Internet Access in Africa
According to InternetWorldStats, roughly 39% of Africa’s entire population had access to the internet as of December 2019. As of 2019, “17.8% of households in Africa had internet access at home“, and “10.7% of households in Africa had a computer.” These percentages might seem low considering that computer technology is more prevalent than ever before. In Africa, however, high-quality internet access is a luxury many people cannot afford.
Barriers to Internet Access
Affordability is the biggest issue concerning internet access in Africa. Internet access in many African countries is expensive compared to countries outside of the continent. Africa as a whole has the least affordable internet prices on the planet.

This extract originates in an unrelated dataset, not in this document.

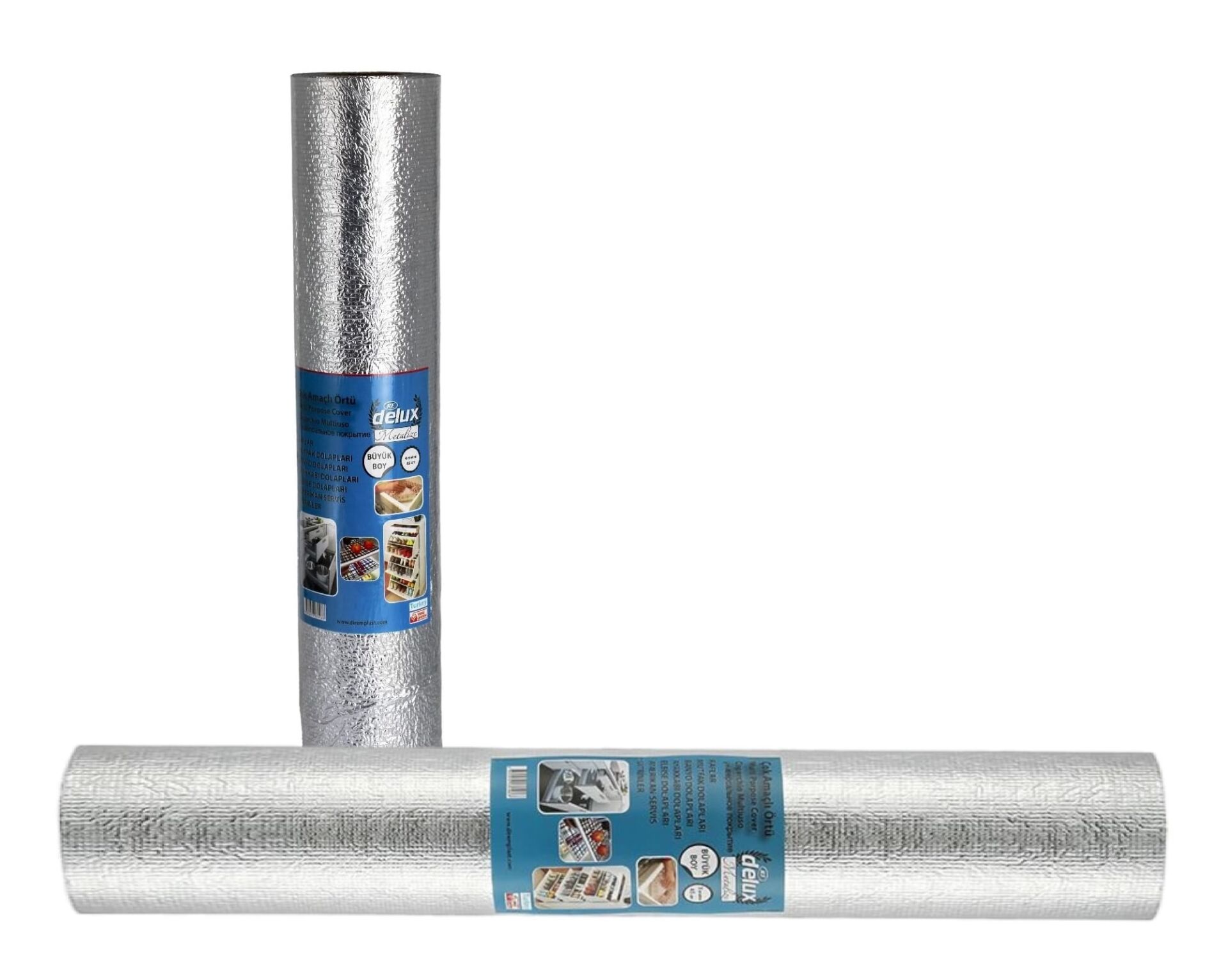 3002   Delux Çok Amaçlı Örtü 45Cm*4M -Metalize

In the Alliance for Affordable Internet’s annual affordability report for 2019, it stated that “across Africa, the average cost for just 1GB data is 7.12% of the average monthly salary.” To put it in perspective, if the average U.S. consumer had to pay 7.12% of his or her average monthly salary for internet access, it would cost nearly $373 per month to access only 1GB of data.

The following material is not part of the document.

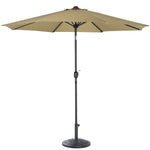 Patio Umbrella Large 3M Traditional Parasol with Decorative Base, LG0444LG0883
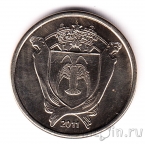 Острова Сент-Пол и Нью-Амстердам 10 франков 2011 Кальмар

Although the amount of people who have high bandwidth internet access in Africa is low today, numerous organizations are working to close the continent’s digital divide. For instance, an initiative called the Africa Digital Moonshot aims to digitally connect all facets of life in Africa by 2030. Some of the “Moonshot Objectives” include:
Establishing more digital infrastructure
Teaching basic digital skills and literacy
Increasing the amount digital platforms
Making Digital financial services more accessible
Expanding upon digital entrepreneurship
To see this dream come to fruition, the Broadband Commission for Sustainable Development laid out the first goal for the initiative in a past report: doubling Africa’s broadband connectivity from its current number by 2021. If this is achieved by next year, the plan to implement good quality, universal internet access in Africa by 2030 is on schedule. Although these developments are necessary for improving internet access in Africa, they come with a hefty price tag, since roughly $100 billion is needed to cover numerous implementations (such as infrastructure, legal costs and network management.) Even though the goal hasn’t been achieved yet, internet access rates in Africa are moving in a positive direction. Moreover, the Broadband Commission for Sustainable Development is closer than ever to reaching its Seven 2025 Targets for worldwide, universal high bandwidth internet access.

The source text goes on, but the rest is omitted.